Re: [PATCH v4 bpf-next 3/5] bpf: Make cgroup storages shared across attaches on the same cgroup

sdf@xxxxxxxxxx · Tue, 21 Jul 2020 15:56:36 -0700

On 07/21, Martin KaFai Lau wrote:
On Tue, Jul 21, 2020 at 04:20:00PM -0500, YiFei Zhu wrote:
> On Tue, Jul 21, 2020 at 1:05 PM Martin KaFai Lau <kafai@xxxxxx> wrote:
> > I quickly checked zero is actually BPF_CGROUP_INET_INGRESS instead
> > of UNSPEC for attach_type.  It will be confusing on the syscall
> > side. e.g. map dumping with key.attach_type == BPF_CGROUP_INET_INGRESS
> > while the only cgroup program is actually attaching to  
BPF_CGROUP_INET_EGRESS.
> >
> > I don't have a clean way out for this.  Adding a non-zero UNSPEC
> > to "enum bpf_attach_type" seems wrong also.
> > One possible way out is to allow the bpf_cgroup_storage_map
> > to have a smaller key size (i.e. allow both sizeof(cgroup_inode_id)
> > and the existing sizeof(struct bpf_cgroup_storage_key).  That
> > will completely remove attach_type from the picture if the user
> > specified to use sizeof(cgroup_inode_id) as the key_size.
> > If sizeof(struct bpf_cgroup_storage_key) is specified, the attach_type
> > is still used in cmp().
> >
> > The bpf_cgroup_storage_key_cmp() need to do cmp accordingly.
> > Same changes is needed to lookup_elem, delete_elem, check_btf,  
map_alloc...etc.
>
> ACK. Considering that the cgroup_inode_id is the first field of struct
> bpf_cgroup_storage_key, I can probably just use this fact and directly
> use the user-provided map key (after it's copied to kernel space) and
> cast the pointer to a __u64 - or are there any architectures where the
> first field is not at offset zero?

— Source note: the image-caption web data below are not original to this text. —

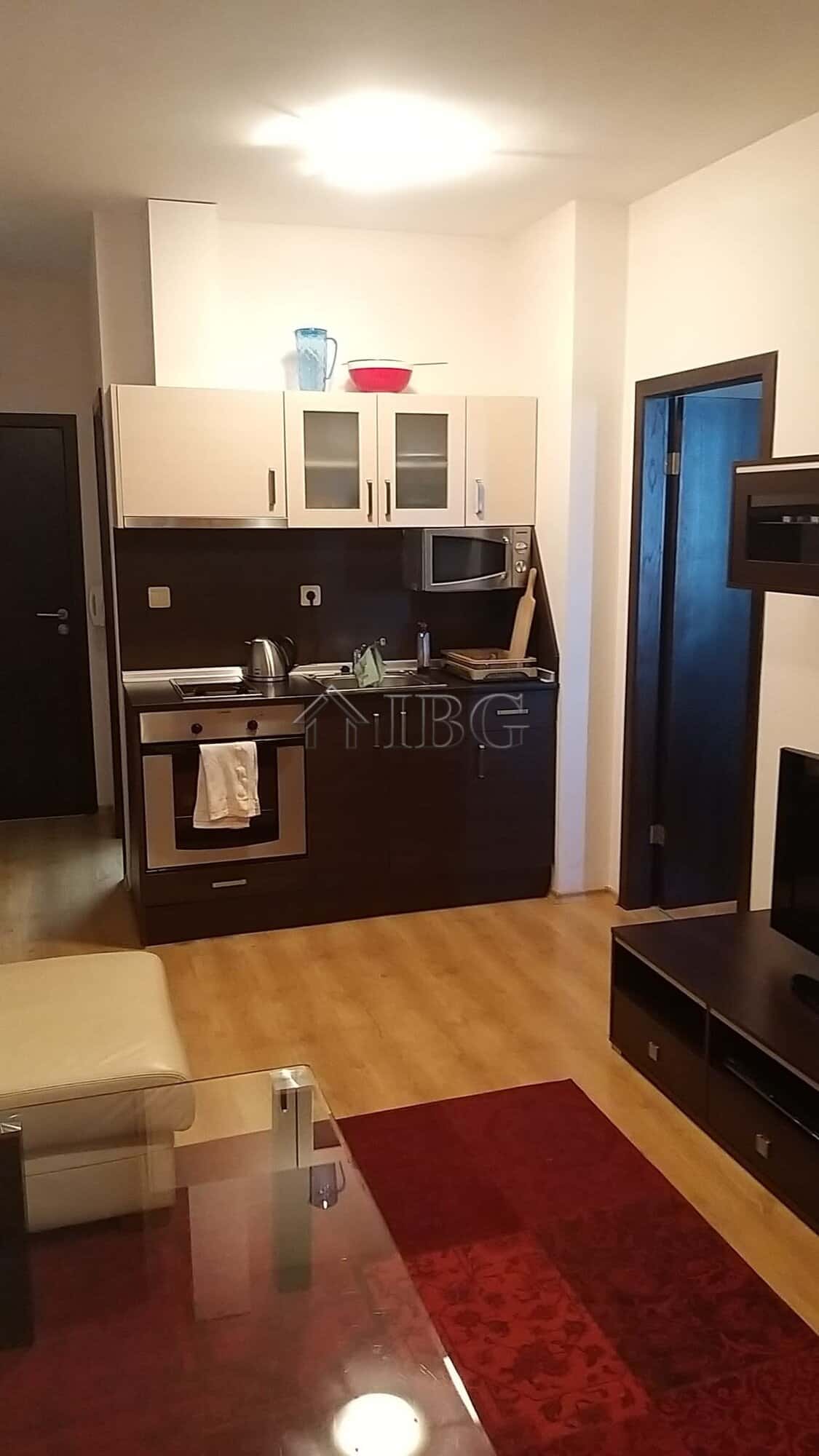 Comfortable apartment with modern kitchen and living area in Sveti Vlas. Perfect for seaside living.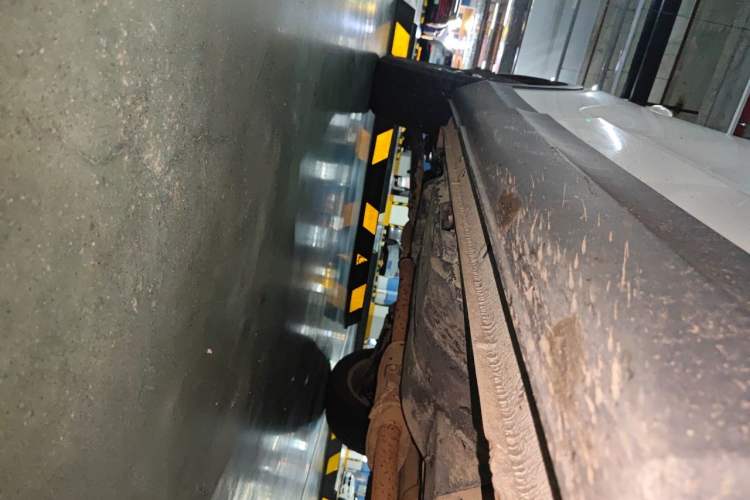 Used Soueast DX7 2015 1.5T Manual Luxury Model Chassis Front Right
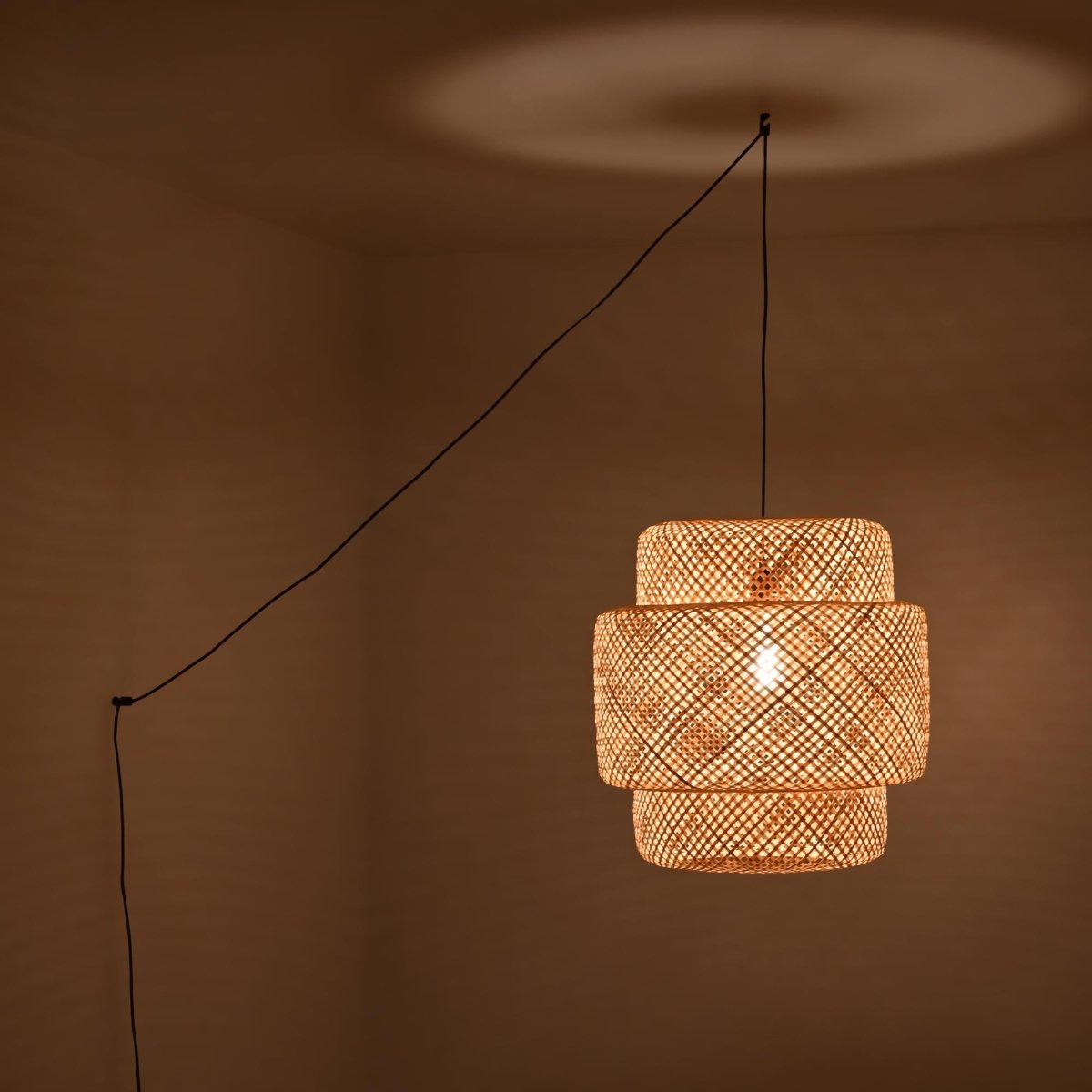 Lámpara colgante de mimbre "JENSEN" - Ø50cm - Con interruptor y enchufe - E27 - Barcelona Led-Decoración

If this is done then we can change
> all the kernel internal APIs to use __u64 cgroup_inode_id, ignoring
> the existence of the struct aside from the map creation (size checking
> and BTF checking).
Just to be clear.  The problem is the userspace is expecting
the whole key (cgroup_id, attach_type) to be meaningful and
we cannot stop supporting this existing key type now.
To step back a bit. I think in the commit message we mentioned that
attach_type is essentially (mostly) meaningless right now.
If I want to share cgroup storage between BPF_CGROUP_INET_INGRESS and
BPF_CGROUP_INET_EGRESS, the verifier will refuse to load those programs.
So doing lookup with different attach_type for the same storage
shouldn't really happen.

Except. There is one use-case where it does make sense. If you take
the same loaded program and attach it to both ingress and egress, each
one will get a separate storage copy. And only in this case
attach_type really has any meaning.

But since more and more attach types started to require
expected_attach_type, it seems that the case where the same
prog is attached to two different hooks should be almost
non-existent. That's why we've decided to go with
the idea of completely ignoring it.

So the question is: is it really worth it trying to preserve
that obscure use-case (and have more complex implementation) or we can
safely assume that nobody is doing that sort of thing in the wild (and
can simplify the internal logic a bit)?